In this installment of The Recruit Notebook, we meet a future building block for the Canes’ OL: OT Jalen Rivers
It is no secret that the Miami Hurricanes can use additional depth and talent along the OL. In the pursuit of that, the Canes made early and repeated contact with Orange Park (FL) Oakleaf 4-star OT Jalen Rivers for the 2020 recruiting class. A massive 6’6” 331lb Tackle, Rivers had no shortage of suitors from around the CFB world.
Early on, Rivers and teammate 4-star DE Chantz Williams made it known that they were planning on being a package deal: committing to and signing with the same school for the next step of their career. And with that knowledge, teams around the country recruited the pair together.
As spring 2019 came around, there seemed to be a fracturing of that mindset between close friends Rivers and Williams. Miami continued recruiting both players, but seemed to have more of a foothold with Rivers than Williams. And as the players started viewing things differently, their recruitments became fully individual pursuits.
While he had offers from powerhouse programs all over the country — Alabama, Clemson, Auburn, Florida and others — Rivers decided Miami was the best fit for him and he committed to the Canes on June 9th.

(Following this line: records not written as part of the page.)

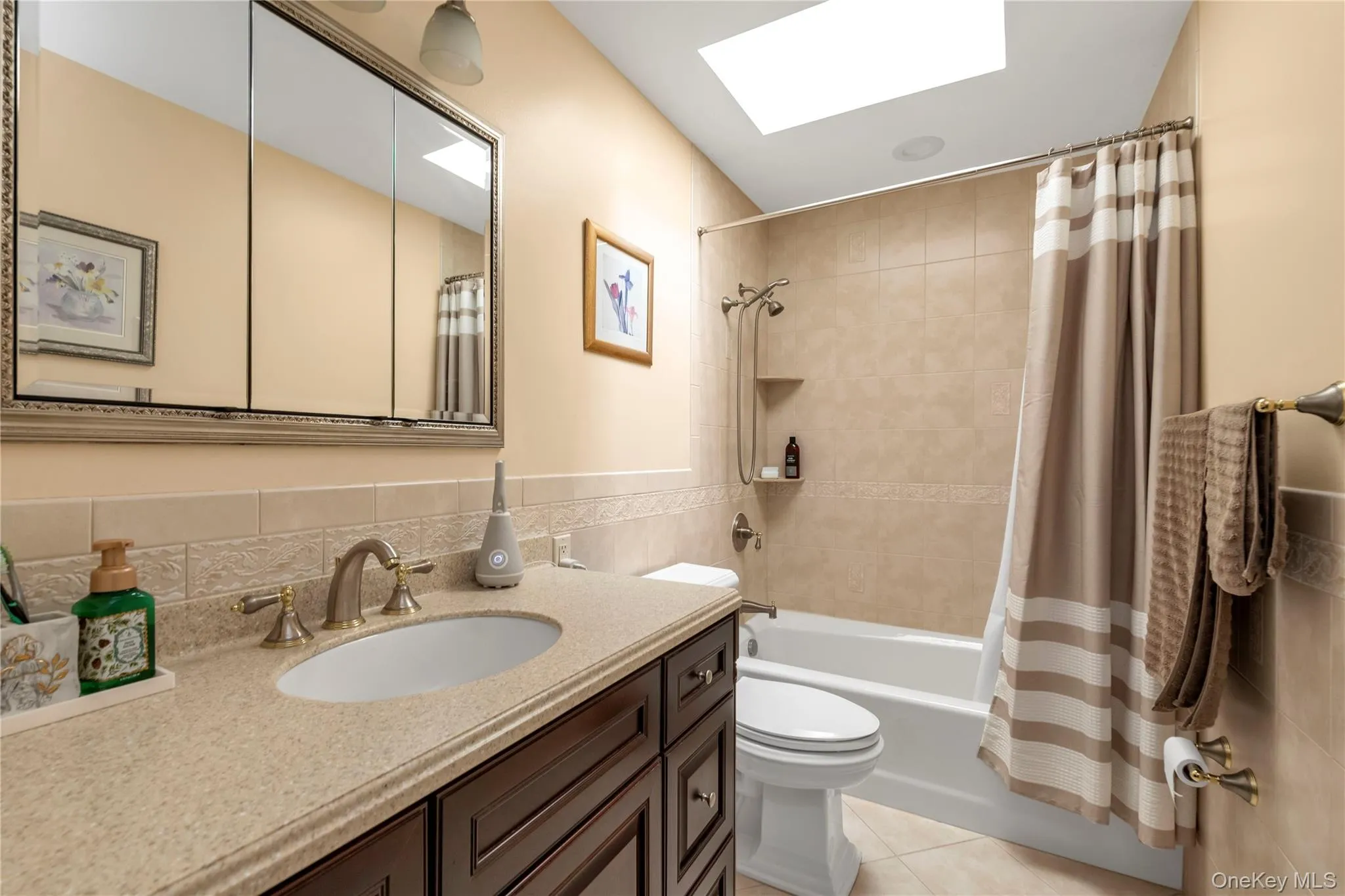 2189 Jerusalem Avenue, Hempstead, NY, 3 Bedrooms Bedrooms, 6 Rooms Rooms,2 BathroomsBathrooms,Residential,For Rent,Jerusalem,0,1053120 2189 Jerusalem Avenue, Hempstead, NY, 3 Bedrooms Bedrooms, 6 Rooms Rooms,2 BathroomsBathrooms,Residential,For Rent,Jerusalem,0,1053120
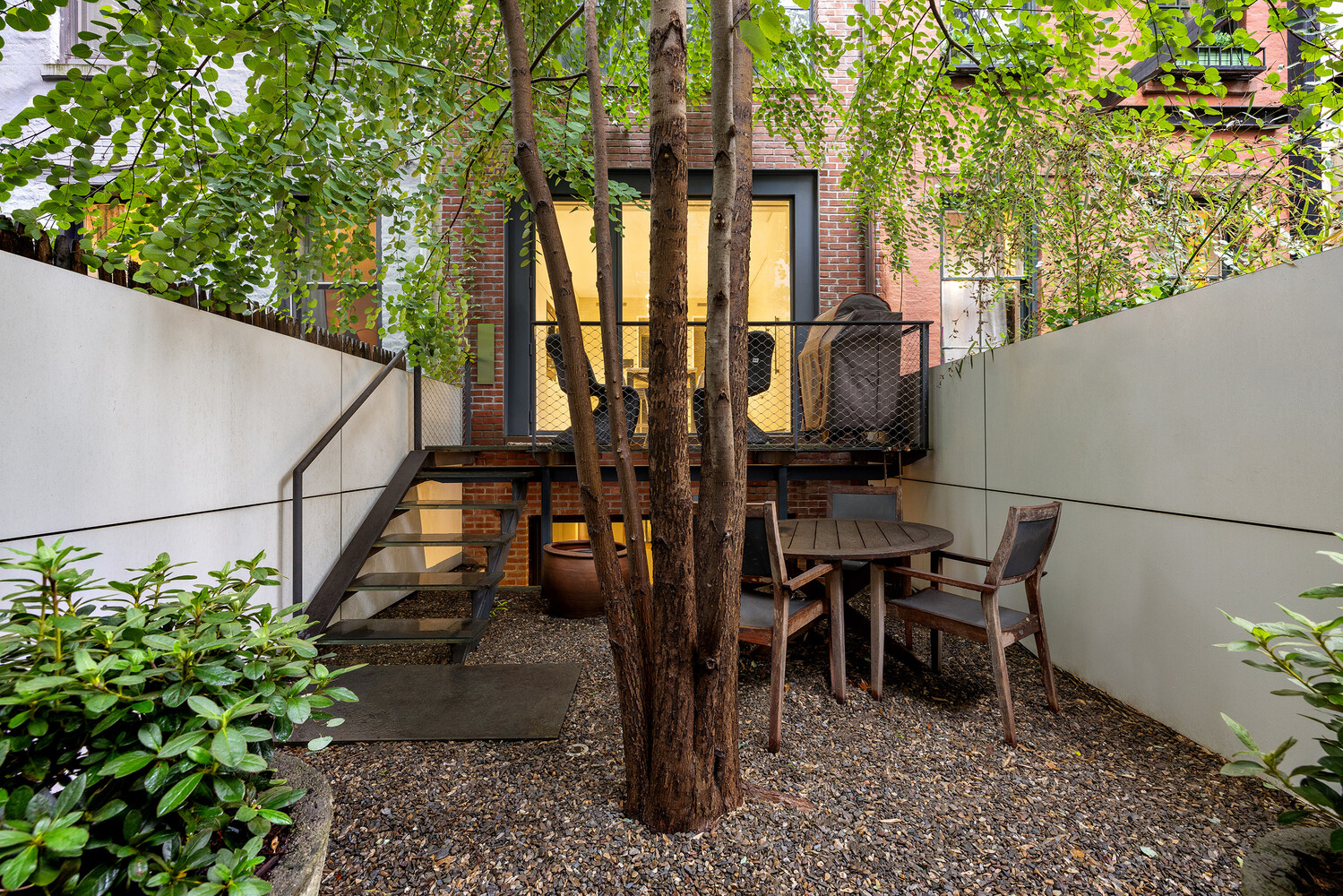 141 E 18TH Street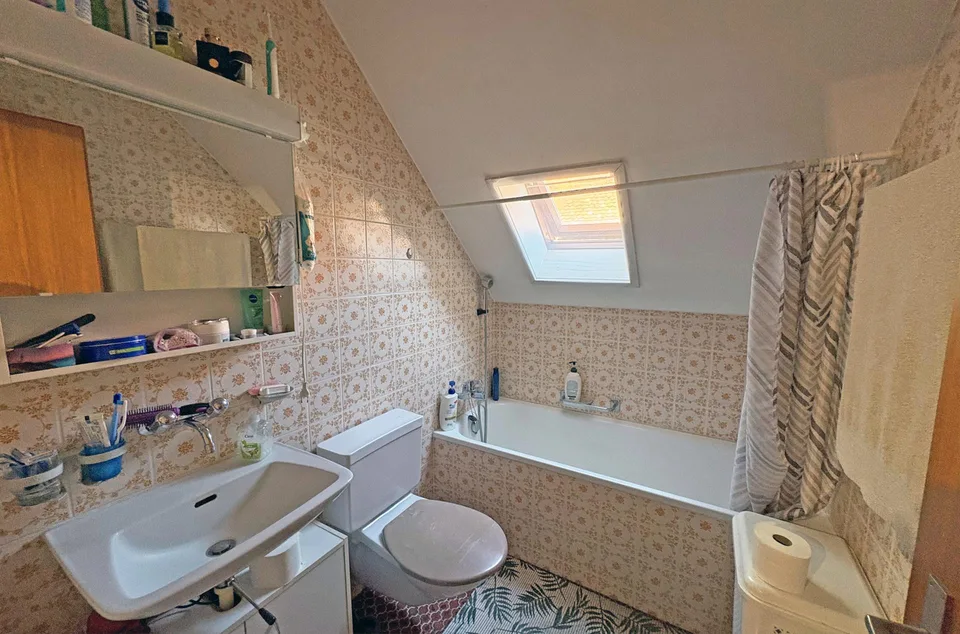 Wohnhaus mit zwei Wohnungen in Münchenwiler... – Foto 9 von 14
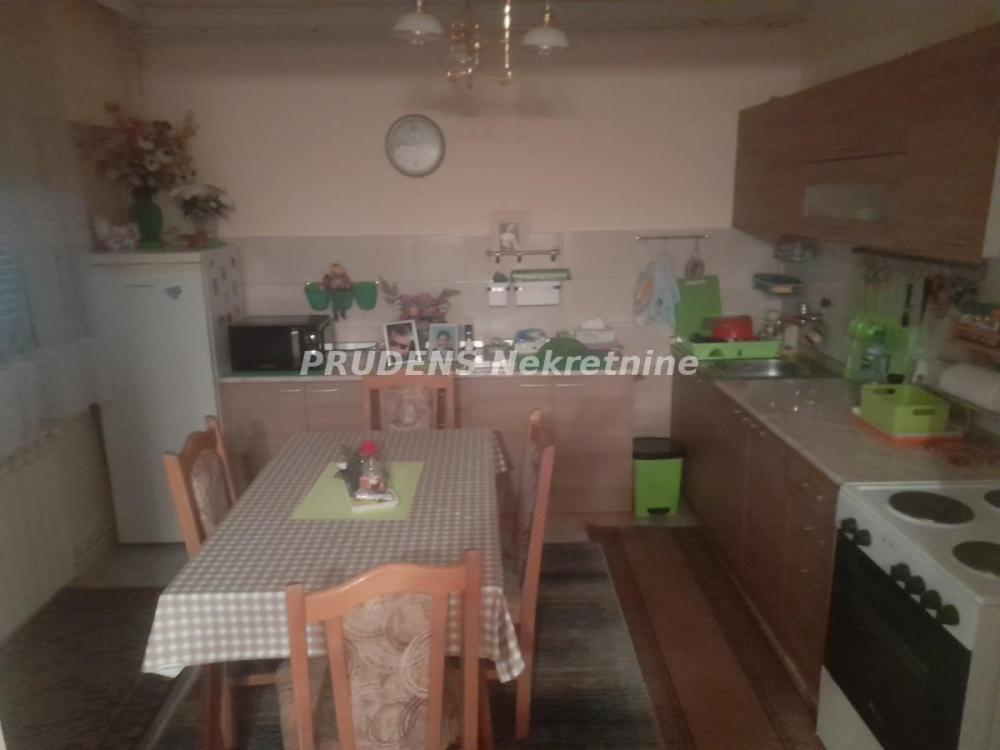 Slika 3 - Dobanovačka,  Kuća na prodaju, 220m2, 215.000€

On the 247sports composite, Rivers is a 4-star prospect, the #15 RB nationally in this class, #23 in the State of Florida, and #145 recruit overall.
Rivers committed to Miami over offers from Alabama, Clemson, Auburn, and Florida from his list of 20 scholarship offers.
As a player
A massive 6’6” 331lbs, Rivers plays tackle at the HS level, but could end up moving inside to guard in college. Either way, he’s a player with great size and length who should be able to push for playing time early on in his college career, regardless of position.
Due to his massive size and accompanying strength, Rivers can overwhelm defenders from his position. He has the added bonus of working against 4-star DE Williams daily in practice at Oakleaf, so he’s seen at least one blue chip caliber recruit in a blocking situation.
Williams has worked almost exclusively at Left Tackle in HS. That’s a good thing, because Miami needs a top player at that position. But, with Zion Nelson at that position only entering his sophomore year, Rivers could find time at either Right Tackle or inside at Guard at the college level.
- Run Blocking
- A bit plodding
- Can get beaten by speed moves
- Can refine pass protection technique
Miami needs offensive line help, and Rivers is a metaphorical and literal big addition to this group. No position along the OL should be safe (especially with the performance seen by this group in 2019), so Rivers could earn his way into the lineup as a rotation player or starter if he does well.
Chances for a Redshirt: 1/10
Miami started 2 true freshmen in 2019, and neither of them came in with the pedigree, acclaim, or size that Rivers possesses. He immediately becomes one of the top players at this position when he steps foot on campus, and I expect him to earn his way into a role along the OL this season.
That’s it for this installment of the Recruiting Notebook.